I need help with b... I found that k=.750880 for part a but I can't figure out what y would be to get potential energy.
A 52 g mass is attached to a massless spring and allowed to oscillate around an equilibrium according to:
y(t) = 0.8 * sin( 3.8 * t ) where y is measured in meters and t in seconds.
(a) What is the spring constant in N/m?
k = .750880 N/m
(b) What is the Total Energy in the mass and spring in J?
E = ???J
HELP: The total energy is the sum of the kinetic energy and potential energy. At what point in the motion is the energy all kinetic? At what point is it all potential?

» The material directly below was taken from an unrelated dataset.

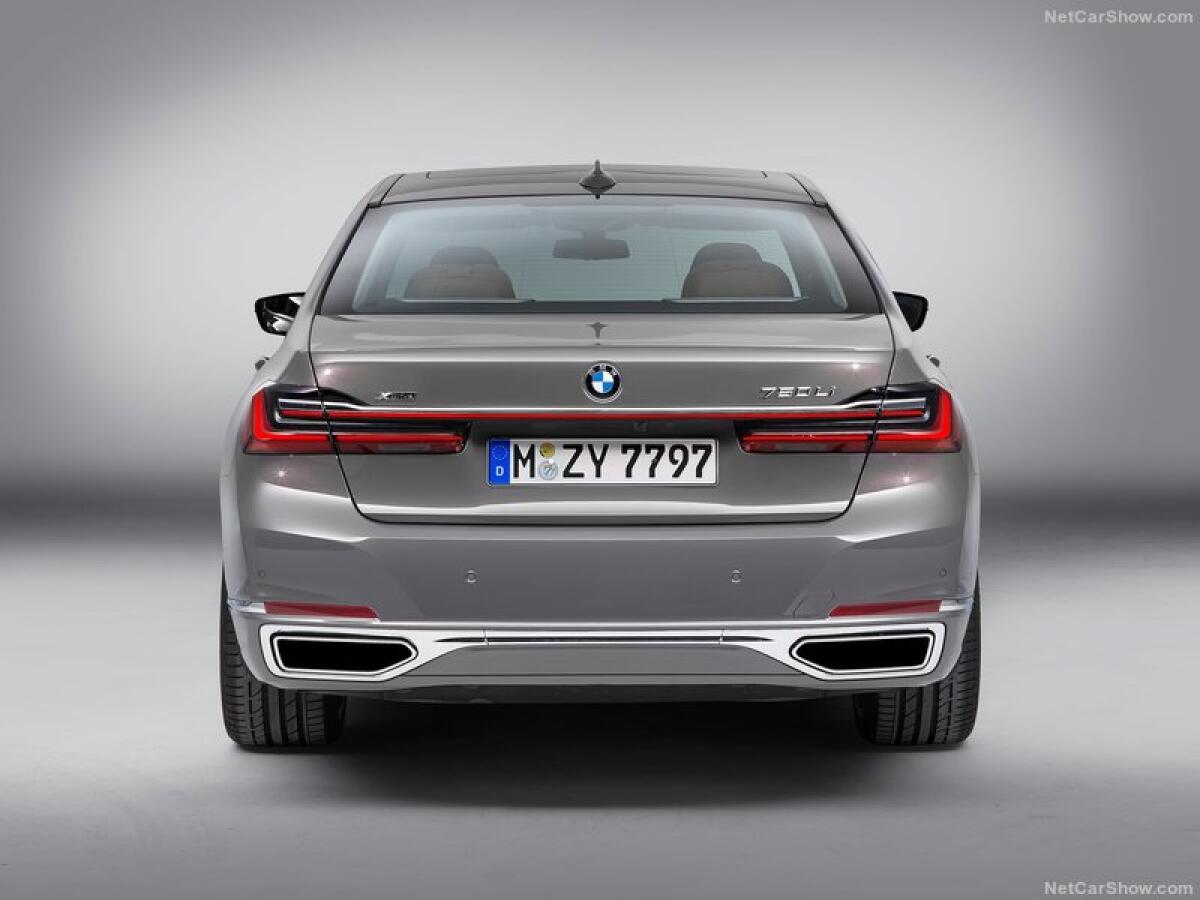 Nuova BMW Serie 7: quando il lusso non è mai abbastanza (Parte 2) - PH: netcarshow.com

Can you compute it at this point?
HELP: Kinetic energy is 1/2 * Mass * v2
Potential energy is 1/2 * k * y2
We know that at the mass's maximum y-position it has zero velocity, so simply compute Potential Energy at that point.
At equilibrium position, K.E.=max,P.E. = 0
At the two extreme points, K.E.=0,P.E.=max
Total energy is constant at ANY POINT.
We find E at extreme point.
E = 1/2*k*(0.8)^2
= 0.24J
but you know the velocity
dy/dt = .8 * 3.8 cos (3.8 t)
maximum velocity when sin (3.8 t) = 1
si
max Ke = total = (1/2) (.052)(.8*3.8)^2
lol, both method can find the answer
To find the potential energy at the maximum y-position, we need to determine the value of y at that point. In the given equation, y(t) = 0.8 * sin(3.8 * t), the maximum value of sin(3.8 * t) would be 1. Therefore, at the maximum y-position, y(t) = 0.8 * 1 = 0.8 meters.
Now, we can use the formula for potential energy: PE = 1/2 * k * y^2.
Substituting the given value of k = 0.750880 N/m and y = 0.8 m into the formula, we get:
PE = 1/2 * 0.750880 N/m * (0.8 m)^2
= 1/2 * 0.750880 N/m * 0.64 m^2
= 0.24028416 Nm = 0.240 J (rounded to three decimal places).
Therefore, the potential energy at the maximum y-position is 0.240 J.